13

207 24 11
                                    

"Buruan jalan, Pak!" seru Gema menepuk punggung Ganesha.

"Helmnya dipake di kepala ya, Bu. Jangan di dengkul. Tolong sayangi otak anda." Balas Ganesha mulai menyalakan motornya.

"Oh, dengkul juga perlu disayang, Pak. Apalagi buat orang-orang kayak Bapak yang otaknya nyangsang di dengkul."

"Ibu mau saya turunin di got apa di jurang?"

Gema tertawa. Lalu memukul punggung Ganesha hingga cowok itu menjerit kesakitan.

"Tolong!

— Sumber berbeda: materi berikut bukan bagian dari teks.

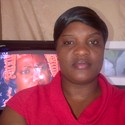 Tally10 From Johannesburg, Gauteng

Gorilla di belakang guee!!!!"

Motor vespa itu segera melaju, meninggalkan area parkir sekolah. Disaksikan oleh Genta yang sudah dari tadi berdiri di samping mobilnya. Memperhatikan tingkah mantan pacar dan sahabat mantan pacarnya yang terlihat bahagia.

"Oi, ambil kaos di mobil doang kayak ambil di puncrit Burj Khalifa." Micky datang membuat perhatian Genta segera teralihkan.

"Oh, ya udah. Ayo." Ajak Genta setelah tersadar.

"Ayo apaan?" tanya Micky bingung.

"Ke lapangan."

"Lah kaos lo mana, bibit kedeleeeee!"

Oh iya. Genta lupa. Alasannya kesini adalah untuk mengambil kaosnya di dalam mobil. Micky hanya geleng-geleng kepala.

Sudah setengah jam Gema mengintai SMA Adidaya. Namun orang yang dia cari tidak juga terlihat. Padahal anak-anak sekolah itu sudah bubar sejak lima belas menit yang lalu.

"Udahlah, Gem. Nyerah aja. Mending lo makan cilok aja sini. Gile loh, cilok disini kok enak banget ya? Beda jauh sama sekolah kita. Kenyal, empuk, mulus, gede, bulet pula, kan jadi nagih. Pokoknya ini cilok rasa paripurna. Ter-the best dari cilok di jagat raya yang pernah gue makan."

Gema menatap sengit cowok yang sudah setengah jam hanya duduk di kursi yang disediakan oleh abang cilok di depan sekolah. Entah sudah berapa piring yang sudah Ganesha habiskan. "Kayaknya percuma deh gue minta lo nemenin gue kesini."

"Nggaklah, Gem. Gue jadi kenal cilok ini. Gue yakin deh, gue pasti bakal sering mampir kesini cuma buat makan cilok menggairahkan ini."

Gema menggeleng-gelengkan kepalanya. Bodo amat lah dengan Ganesha yang sepertinya kena pelet cilok SMA Adidaya. Mending dia kembali mengintai sekolah yang sudah mulai sepi itu.

Mata Gema membulat karena akhirnya dia melihat seseorang yang dia kenal keluar dari sekolah yang tidak sebagus sekolahnya itu.

"Kak Jojo!"

"Hah? Jojo? Mana? Mana? Gue mau ketemu dia! Gue mau diajarin biar bisa ngomong bahasa Jawa, cuk!" Ganesha langsung berdiri di samping Gema. Cowok itu celingukan, tapi tidak ada tuh dia melihat Jojo yang dia kira Joshua Suherman. Tetapi yang dia lihat adalah seorang cowok berkulit gelap dengan rambut kribo yang wow! Ganesha kaget sendiri melihat cowok itu mendekat.

"Gema ya?" sapa cowok itu, Jojo.

"Iya, ini gue, Kak. Gema."

Jojo mengulurkan tangannya mengajak Gema bersalaman. "Kok lo bisa disini? Bukannya lo katanya sakit dan dirawat di Singapura?"

"Gue udah sembuh, Kak. Alhamdulillah."

"Alhamdulillah, gue ikut seneng dengernya, Gem." Perhatian Jojo beralih pada Ganesha yang memperhatikannya lekat hingga matanya nyaris juling. "Siapa ini, Gem? Pacar lo?"

"Ya... bukanlah!" jawab Gema sengaja memberi jeda pada dua kalimat yang dia ucapkan.

Ganesha ikut menjawab, "Bukan, bukan! Gue bukan pacarnya kok! Gue cuma tempat sampah yang dijadiin tempat curhat Gema. Gue cuma orang yang sering jadi samsak kekesalan Gema kalo Gema ngamuk. Gue cuma cowok yang entah apa salah gue, orang-orang bilang gue gila, gue goblok."